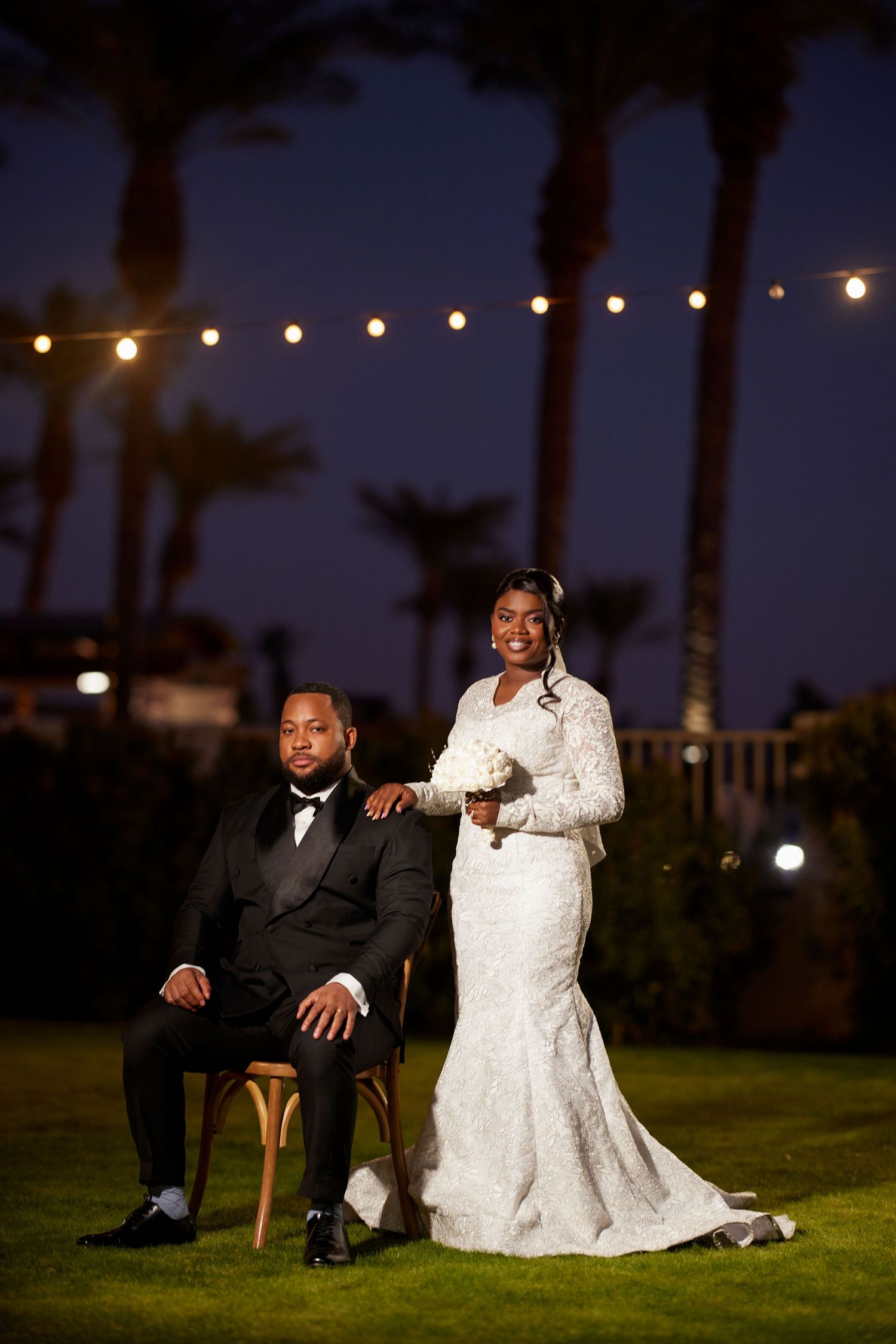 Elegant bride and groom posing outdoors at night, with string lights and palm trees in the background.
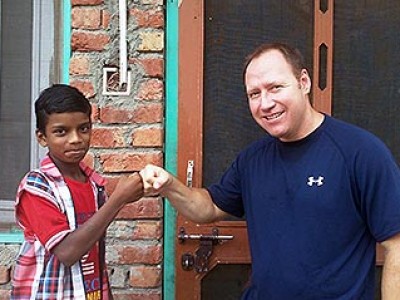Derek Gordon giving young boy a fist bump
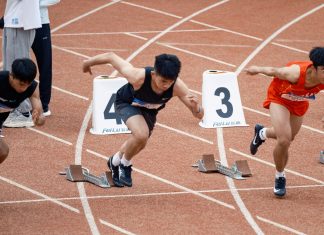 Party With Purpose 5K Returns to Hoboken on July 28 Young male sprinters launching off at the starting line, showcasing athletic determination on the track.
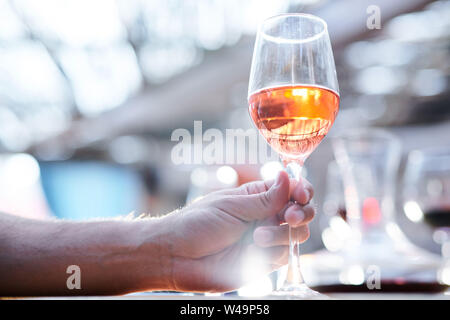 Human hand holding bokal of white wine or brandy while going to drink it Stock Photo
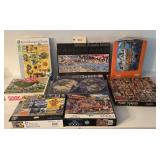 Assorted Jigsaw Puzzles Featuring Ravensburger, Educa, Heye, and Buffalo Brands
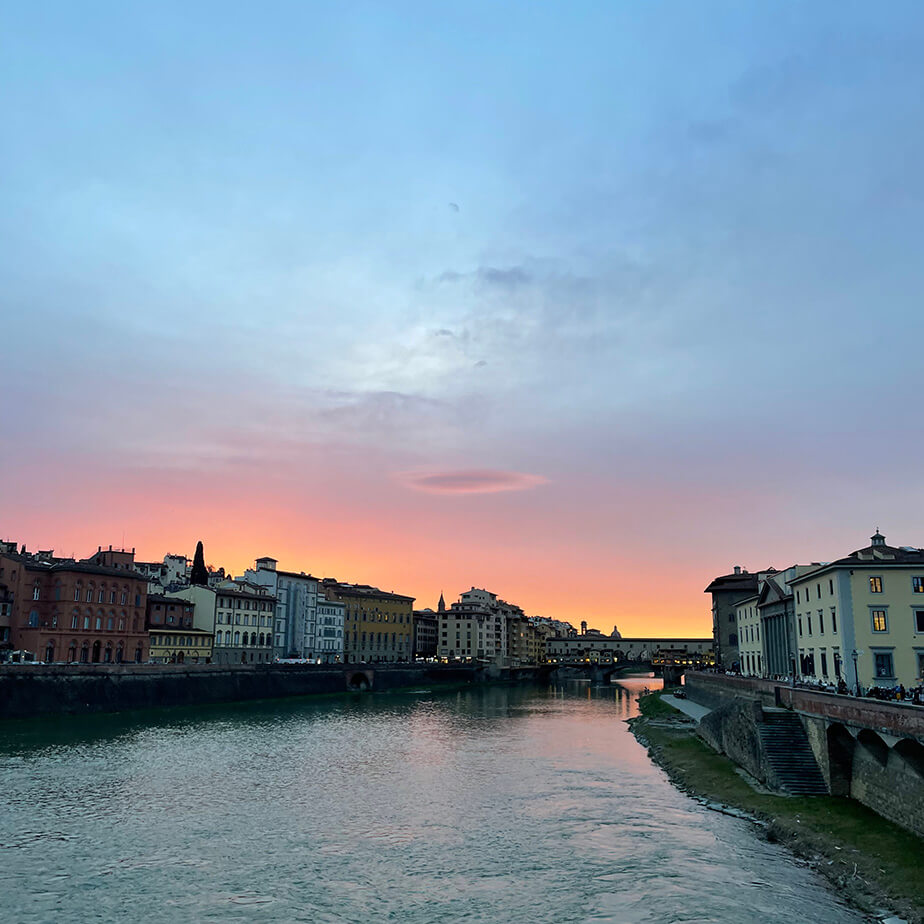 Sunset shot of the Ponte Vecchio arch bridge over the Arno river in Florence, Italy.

==

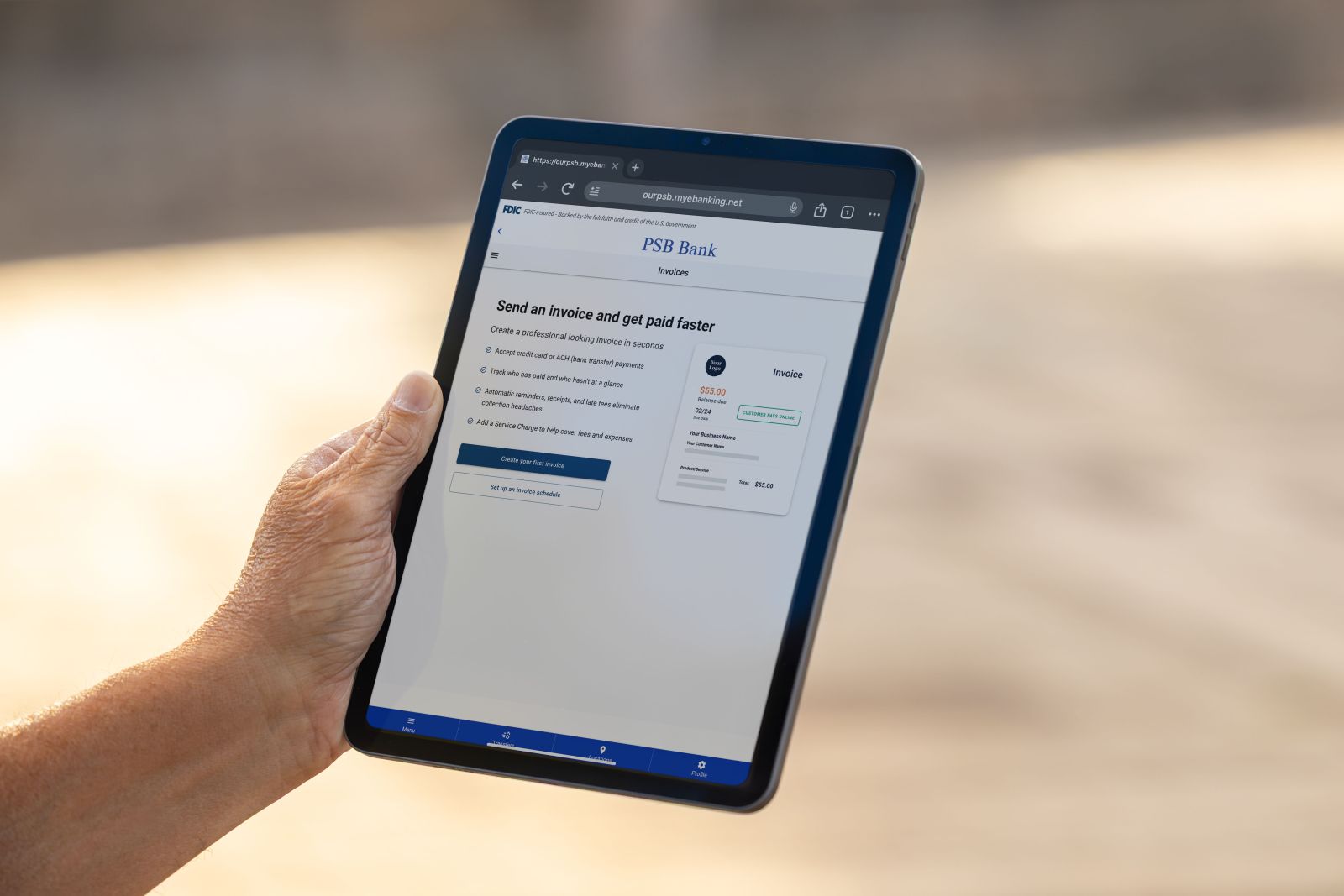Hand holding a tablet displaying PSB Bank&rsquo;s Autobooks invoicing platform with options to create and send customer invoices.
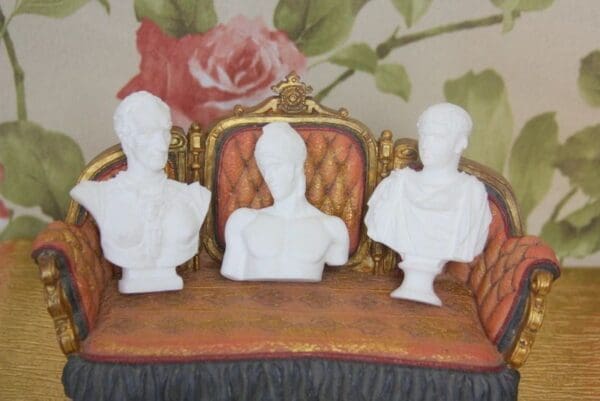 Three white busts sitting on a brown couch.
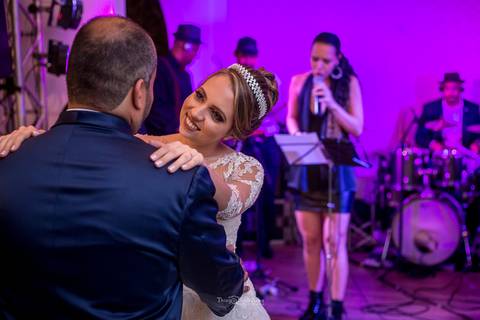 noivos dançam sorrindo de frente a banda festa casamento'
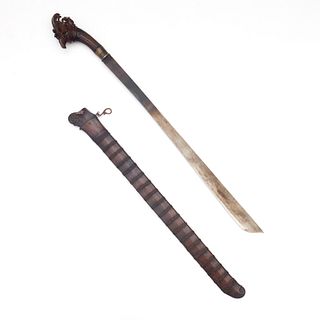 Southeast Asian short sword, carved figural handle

---

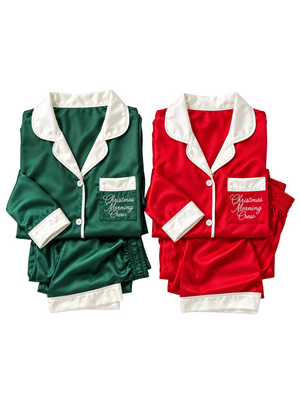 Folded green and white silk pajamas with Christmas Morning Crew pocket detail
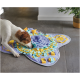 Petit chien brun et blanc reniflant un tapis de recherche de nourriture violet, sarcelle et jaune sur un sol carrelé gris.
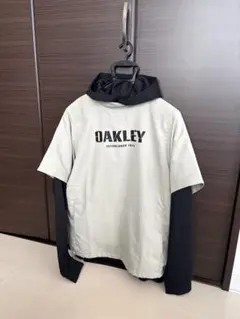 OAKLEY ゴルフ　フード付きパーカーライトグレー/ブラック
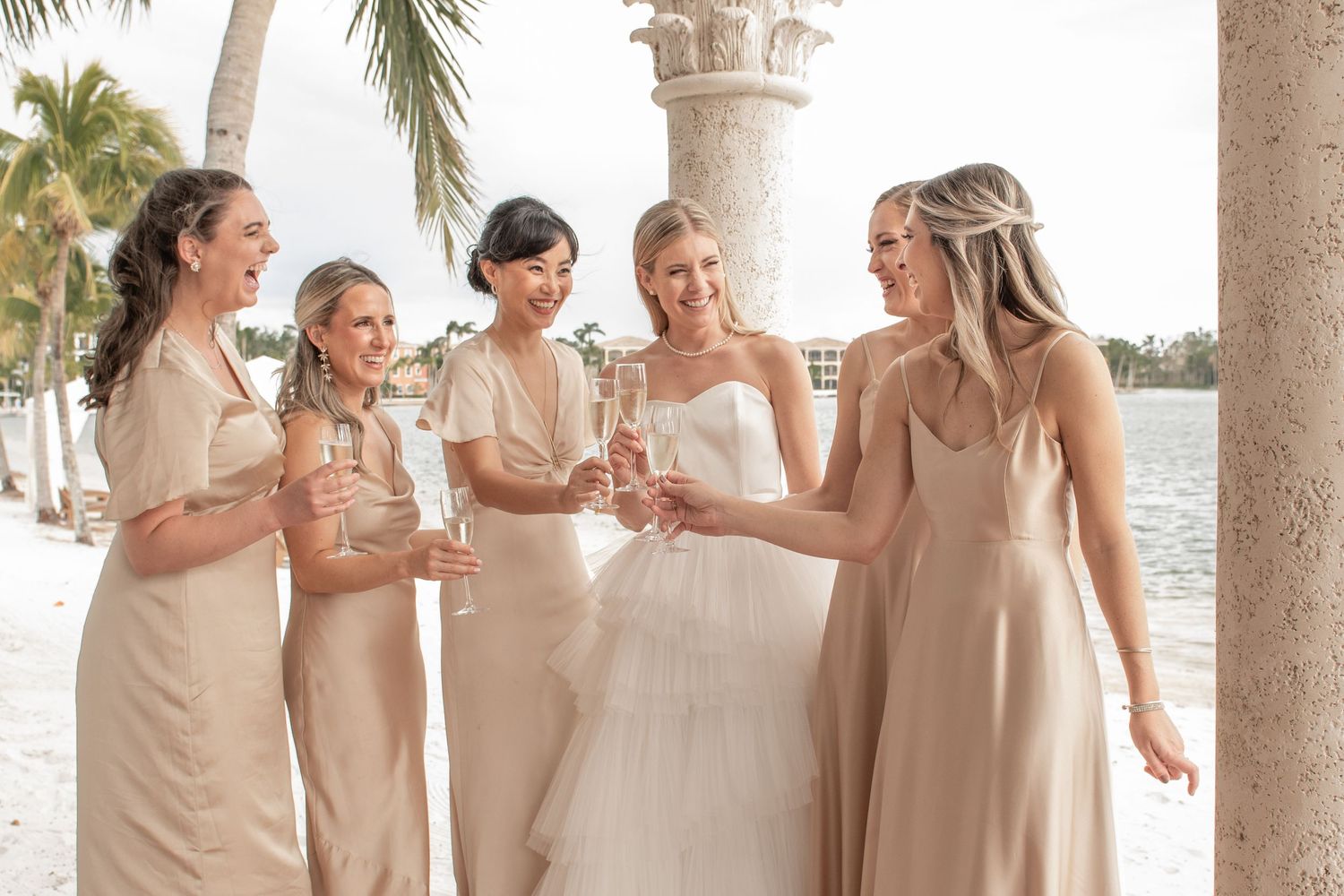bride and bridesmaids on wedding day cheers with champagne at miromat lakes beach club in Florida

The task
Since the pictures are not part of the copy, please transcribe only the lines above from the one with "Assorted Jigsaw Puzzles" through the one with "Sunset shot of", exactly and with both ends.

Result of the exercise
 Assorted Jigsaw Puzzles Featuring Ravensburger, Educa, Heye, and Buffalo Brands
 Sunset shot of the Ponte Vecchio arch bridge over the Arno river in Florence, Italy.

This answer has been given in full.